===== Available records =====

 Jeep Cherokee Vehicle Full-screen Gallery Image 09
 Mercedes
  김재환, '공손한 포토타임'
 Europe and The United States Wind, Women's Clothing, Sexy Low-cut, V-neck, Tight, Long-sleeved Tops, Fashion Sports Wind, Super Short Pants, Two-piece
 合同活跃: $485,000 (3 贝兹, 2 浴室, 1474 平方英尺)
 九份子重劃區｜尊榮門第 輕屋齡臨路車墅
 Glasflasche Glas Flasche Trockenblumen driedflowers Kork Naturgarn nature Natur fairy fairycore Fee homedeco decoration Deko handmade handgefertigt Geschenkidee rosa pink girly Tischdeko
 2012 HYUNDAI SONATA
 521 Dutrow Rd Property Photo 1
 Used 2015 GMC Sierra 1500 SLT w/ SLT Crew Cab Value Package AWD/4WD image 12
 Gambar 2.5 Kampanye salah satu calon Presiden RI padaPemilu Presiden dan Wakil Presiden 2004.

=====

**Task statement**. Repeat all of the data exactly as given.

**Response**.
 Jeep Cherokee Vehicle Full-screen Gallery Image 09
 Mercedes
  김재환, '공손한 포토타임'
 Europe and The United States Wind, Women's Clothing, Sexy Low-cut, V-neck, Tight, Long-sleeved Tops, Fashion Sports Wind, Super Short Pants, Two-piece
 合同活跃: $485,000 (3 贝兹, 2 浴室, 1474 平方英尺)
 九份子重劃區｜尊榮門第 輕屋齡臨路車墅
 Glasflasche Glas Flasche Trockenblumen driedflowers Kork Naturgarn nature Natur fairy fairycore Fee homedeco decoration Deko handmade handgefertigt Geschenkidee rosa pink girly Tischdeko
 2012 HYUNDAI SONATA
 521 Dutrow Rd Property Photo 1
 Used 2015 GMC Sierra 1500 SLT w/ SLT Crew Cab Value Package AWD/4WD image 12
 Gambar 2.5 Kampanye salah satu calon Presiden RI padaPemilu Presiden dan Wakil Presiden 2004.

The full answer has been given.